_Supplied material:_
________________

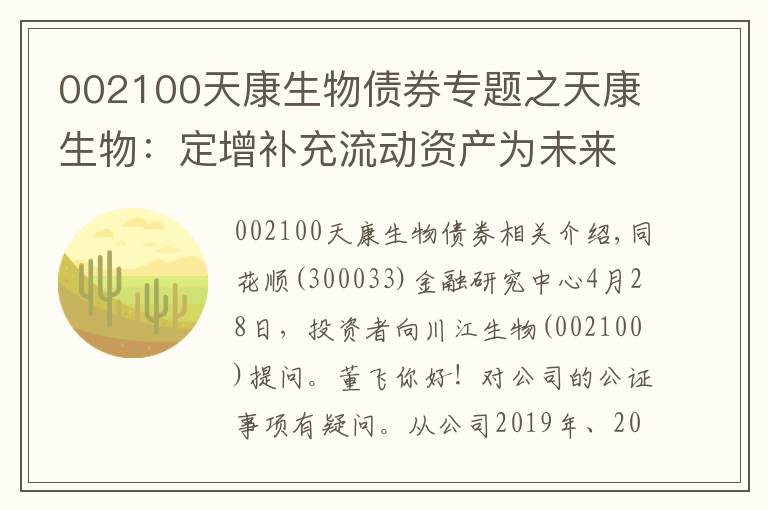 002100天康生物债券专题之天康生物：定增补充流动资产为未来公司产能提升、研发投入以及项目改扩建提供更多的可能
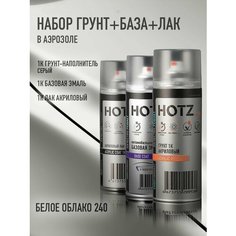 Комплект Аэрозольный "Белое облако 240" 1K: Акриловый грунт Светло-серый 520мл + Акриловый лак 520мл + Автоэмаль Сочи 360 520мл Hotz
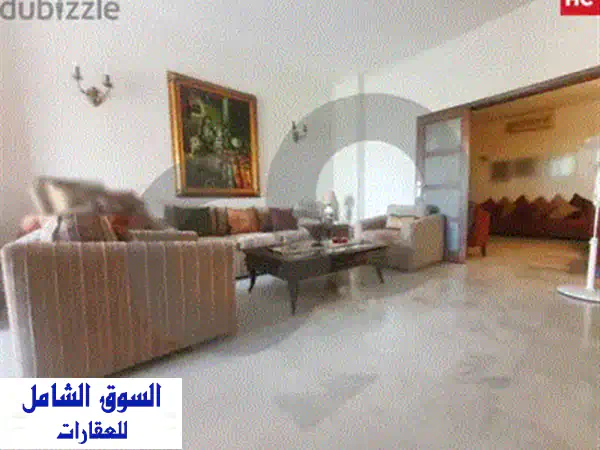 شقق فاخرة للبيع بالإيجار في الزلقا - إطلالات خلابة على البحر أو الجبل! REF#NB116783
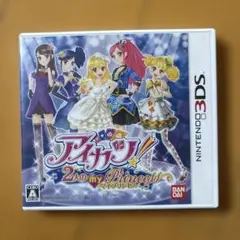 3DS アイカツ!2人のmy princess ソフト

________________

_Required action:_ All of the data above is to be repeated exactly, with the pictures left out.

_Result for this task:_
 002100天康生物债券专题之天康生物：定增补充流动资产为未来公司产能提升、研发投入以及项目改扩建提供更多的可能
 Комплект Аэрозольный "Белое облако 240" 1K: Акриловый грунт Светло-серый 520мл + Акриловый лак 520мл + Автоэмаль Сочи 360 520мл Hotz
 شقق فاخرة للبيع بالإيجار في الزلقا - إطلالات خلابة على البحر أو الجبل! REF#NB116783
 3DS アイカツ!2人のmy princess ソフト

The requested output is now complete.